Me: Mid 20’s, Full time student + full time job in sales, financially independent and living firmly within my merger means.
Him: Late 20’s, Business Analyst, perpetually broke, traditionalist.
Prior to my relationship with this man, I believed that domestic violence was an extremely passionate act in that, the batterer could not think or control themselves at all during the act. I came to find out how naïve that thought was after dating a seemingly normal man for over a year.
Argument #1: Started over nothing. Really. By the end of it all, I’d had a drink poured over my head, been spat on, hit, kicked and had things thrown at me. It left me stunned to the core and it destroyed everything I’d ever felt for the guy. This first fight fit in perfectly with my idea of domestic violence at the time. Seeing that thought come to life was terrifying since it looked like the man was deranged. From beginning to end, the incident lasted approx 5hrs if not more. The following morning he woke up and acted like everything was normal while I on the other hand was emotionally and physically exhausted. I packed the few things I had at his place and went home. He later apologized profusely of course and after a few weeks we got back together even though I had not forgiven nor forgotten. I was however, alert!
Argument #2: Came about two months later and it started because of his insecurities about my male friends. I tried to avoid it but I couldn’t. There was no stopping the guy when he was on the war path. This time though, I was not going to be a mere punching bag so I started hitting him back … only I was fighting like a girl, punches landing everywhere they might. After a few of those the guy had the presence of mind to say …
“Hit where it won’t show!”
All this while he was pounding my head on the floor! Surely, the man was this close to killing me yet he wanted me to avoid his face!? Well, the moment he brought his precious face close I took a nice big bite of his lip and held on. That fight ended with him rushing to look at the damage in the bathroom mirror while asking me how he was going to go to work the following Monday.
I can’t say that was my finest moment but that was the last moment for me with him.
Now you ask why wait until the second incident to leave him? It wasn’t for his money since he was always broke and the extra-curricular activities were just okay so no, it wasn’t that either. I also had other men who were interested in me at the time so I wasn’t in a “desperate” position. I think I was stupefied by the absurdity of the whole situation. For some time I felt like I was having an out of body experience. This was a man I’d thought I loved and he had not only beaten me up while leaving my face intact (that still amazes me) but he also poured a drink on me and spat on me and yet expected me to love him! That was just too damn fascinating, I just had to stay a while and study the “case”.

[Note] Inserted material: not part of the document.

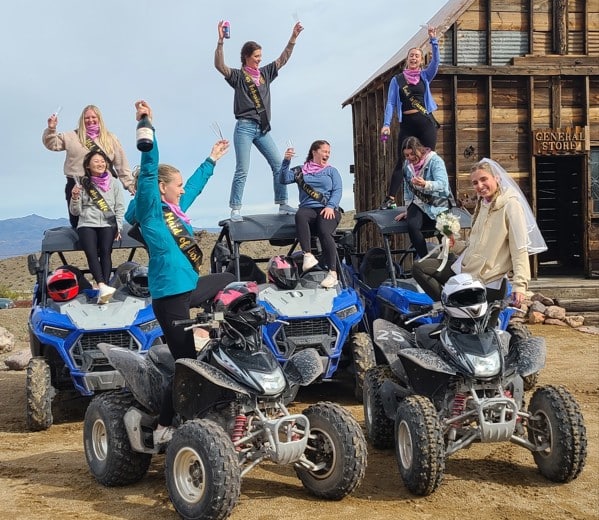 Women celebrating on ATVs in Eldorado Canyon, Las Vegas, Nevada, enjoying ATV tours and Ghost Town sightseeing adventure.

The sad thing is man’s parents were present during the initial part of the first incident and neither one tried to intervene. The mom witnessed her son abusing someone’s daughter yet she had the audacity to call me numerous times begging me to give her son more time. She’d tell me that these things happen (not in my family they don't) and say that he was trying so hard to be better man. All I knew was that if I ended up married into that family I would be very much alone and very dead, very soon. The man is married now and each time I read a DV story I wonder how his wife is faring.